> Description of the task: Print, exactly and without pictures, the lines from the one where "this 1000×562 image." appears down to the end of the entries.

> Recorded data:
········
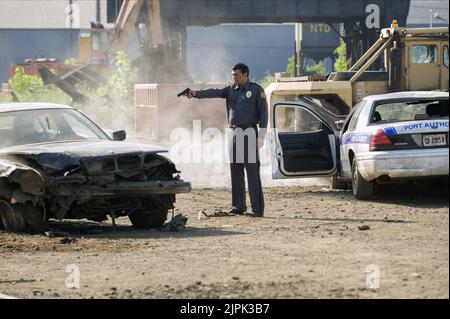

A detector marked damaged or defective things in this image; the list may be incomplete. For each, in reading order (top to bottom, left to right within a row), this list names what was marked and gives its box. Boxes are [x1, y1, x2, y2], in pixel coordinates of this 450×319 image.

wrecked black car [0, 104, 192, 234]
demolished vehicle [0, 104, 192, 234]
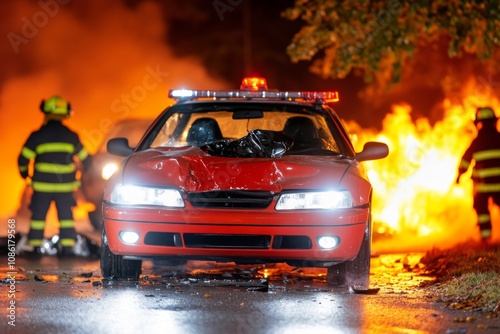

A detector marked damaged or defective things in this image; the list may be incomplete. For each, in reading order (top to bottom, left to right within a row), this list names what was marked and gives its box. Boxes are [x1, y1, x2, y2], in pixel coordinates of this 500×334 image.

damaged car hood [121, 147, 354, 193]
car hood dent [123, 147, 354, 192]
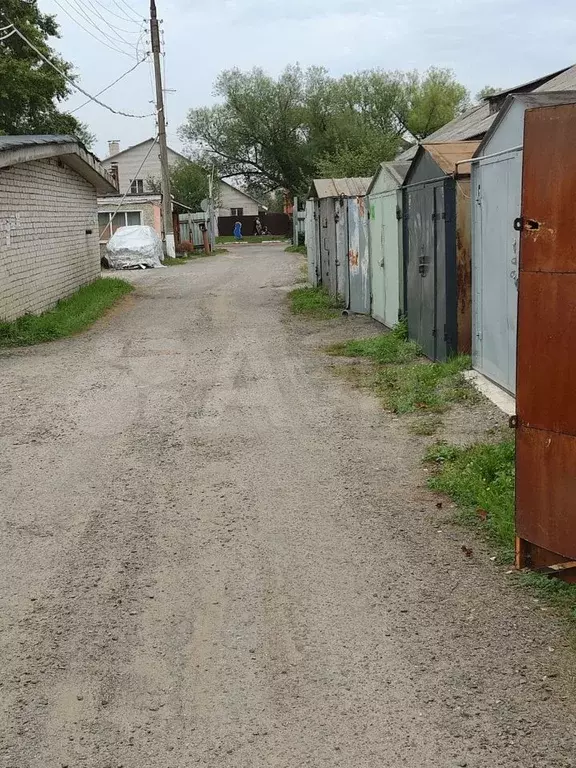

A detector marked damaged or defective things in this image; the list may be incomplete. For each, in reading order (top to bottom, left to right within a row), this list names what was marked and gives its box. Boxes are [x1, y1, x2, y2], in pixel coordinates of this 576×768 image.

rusty metal garage door [516, 100, 576, 568]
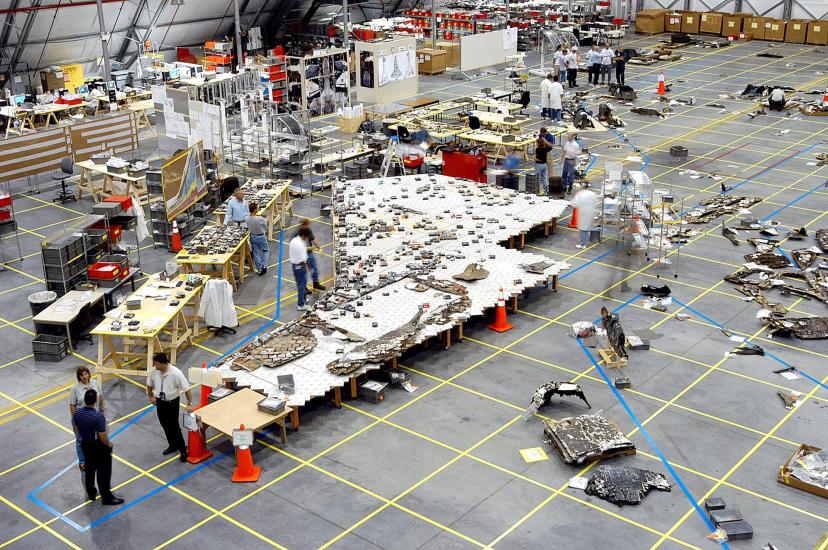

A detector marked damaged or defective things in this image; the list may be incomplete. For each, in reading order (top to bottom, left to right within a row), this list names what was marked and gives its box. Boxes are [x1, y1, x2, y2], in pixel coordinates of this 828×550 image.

charred metal fragment [584, 466, 672, 508]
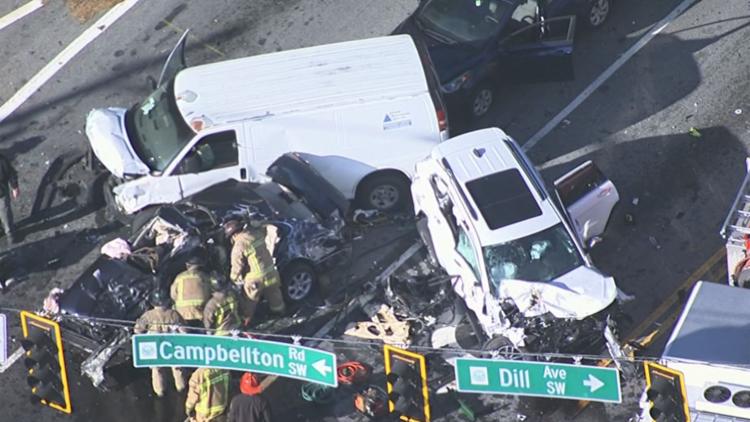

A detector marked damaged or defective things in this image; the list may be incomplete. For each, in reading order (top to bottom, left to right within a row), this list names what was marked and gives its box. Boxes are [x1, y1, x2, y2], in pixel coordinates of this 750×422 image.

shattered windshield [418, 0, 512, 42]
detached car hood [86, 107, 151, 178]
shattered windshield [125, 80, 194, 172]
black wrecked car [44, 153, 352, 388]
overturned white truck [412, 127, 628, 358]
shattered windshield [484, 223, 584, 288]
detached car hood [502, 268, 620, 320]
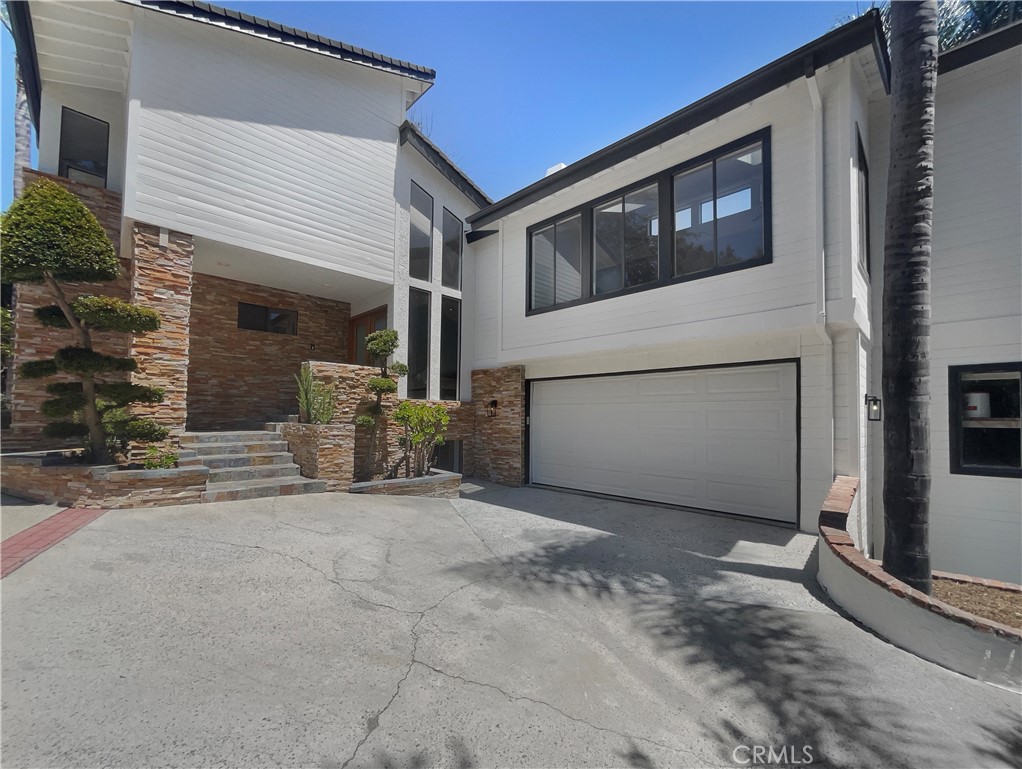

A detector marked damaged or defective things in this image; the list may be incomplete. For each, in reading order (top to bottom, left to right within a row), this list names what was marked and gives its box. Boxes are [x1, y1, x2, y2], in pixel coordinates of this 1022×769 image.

cracked driveway [2, 484, 1022, 764]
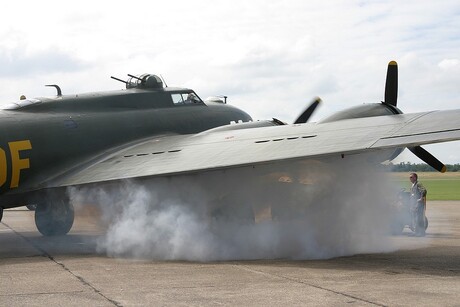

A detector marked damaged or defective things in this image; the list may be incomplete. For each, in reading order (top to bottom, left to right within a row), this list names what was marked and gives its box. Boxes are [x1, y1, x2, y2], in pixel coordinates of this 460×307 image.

pavement crack [1, 223, 123, 307]
pavement crack [235, 264, 386, 307]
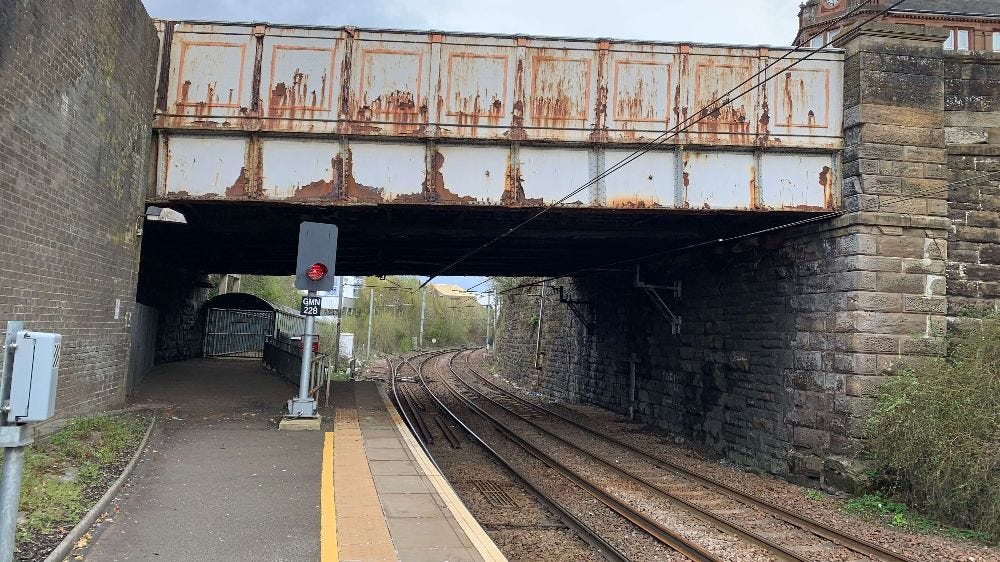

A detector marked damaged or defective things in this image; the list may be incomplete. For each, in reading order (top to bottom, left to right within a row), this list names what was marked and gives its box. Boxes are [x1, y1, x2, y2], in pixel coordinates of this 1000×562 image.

rust stain on metal [292, 148, 384, 202]
rust stain on metal [820, 167, 836, 211]
rusty metal edge [44, 416, 158, 560]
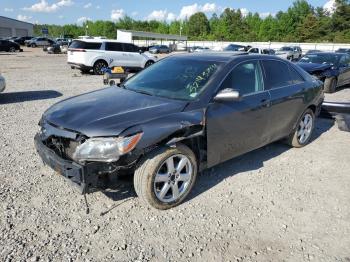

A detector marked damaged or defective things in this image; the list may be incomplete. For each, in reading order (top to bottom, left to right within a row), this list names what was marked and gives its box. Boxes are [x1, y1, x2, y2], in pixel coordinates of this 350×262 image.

crumpled hood [43, 87, 187, 137]
damaged front bumper [34, 134, 114, 193]
cracked headlight [73, 133, 143, 162]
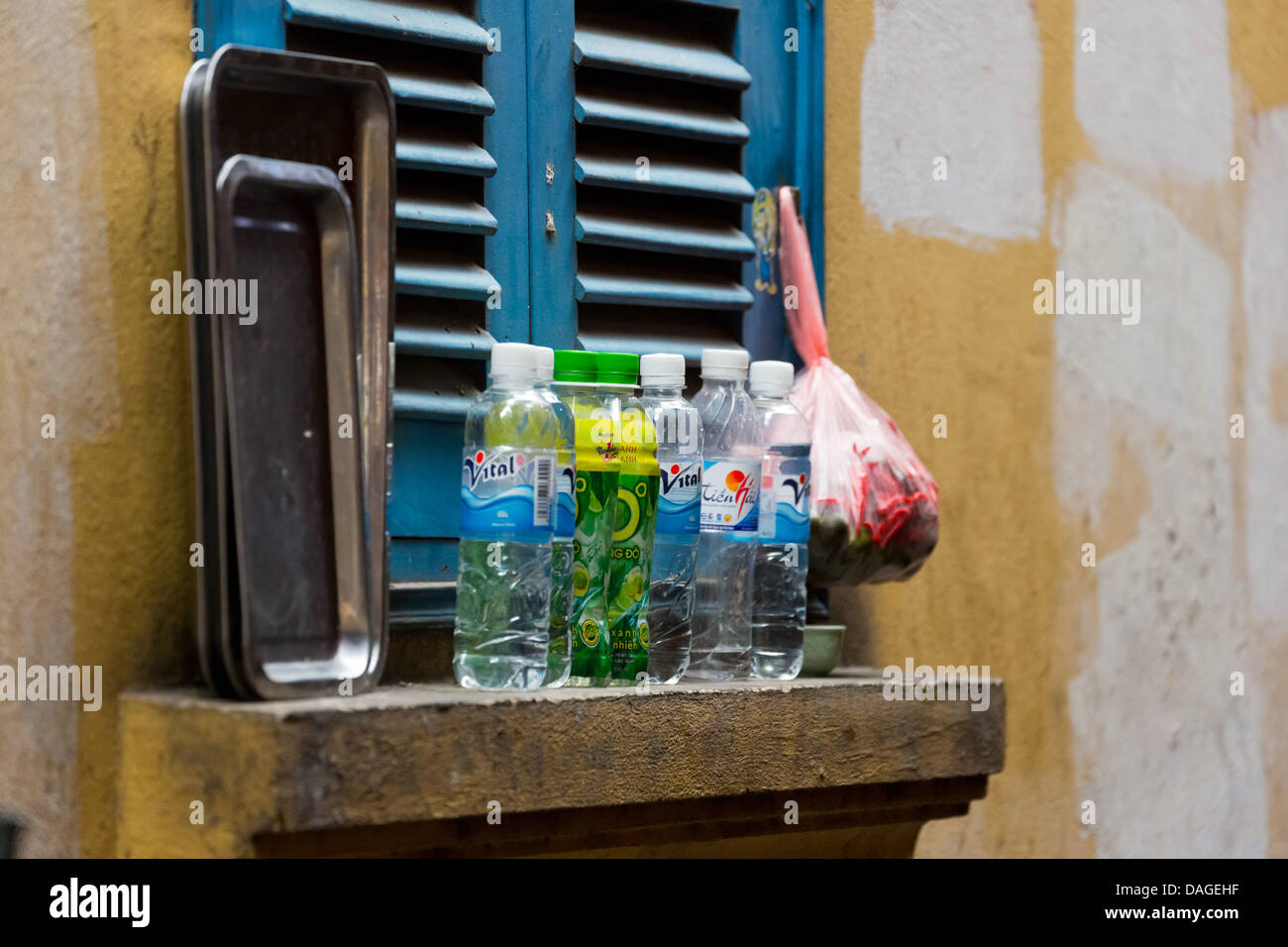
········
> Reply to the exercise:
A detector marked damaged or defective things in this image; the list may be incomplete. For each, in reading order (top to bottom, left to right within a row), this list names what was marked and gives its box. Boxes are [x1, y1, x2, y2], in pixel coordinates of this 1000×562 image.

rust stain on metal [292, 148, 384, 202]
rust stain on metal [820, 167, 836, 211]
rusty metal edge [44, 416, 158, 560]

A detector marked damaged or defective things in this image; the list may be incomplete. For each, in reading order (top to bottom, left to right within a row), this list names what was marked and gives its box. Boxes are [x1, y1, x2, y2], in pixel coordinates of this 350×262 image.

crumpled hood [43, 87, 187, 137]
damaged front bumper [34, 134, 114, 193]
cracked headlight [73, 133, 143, 162]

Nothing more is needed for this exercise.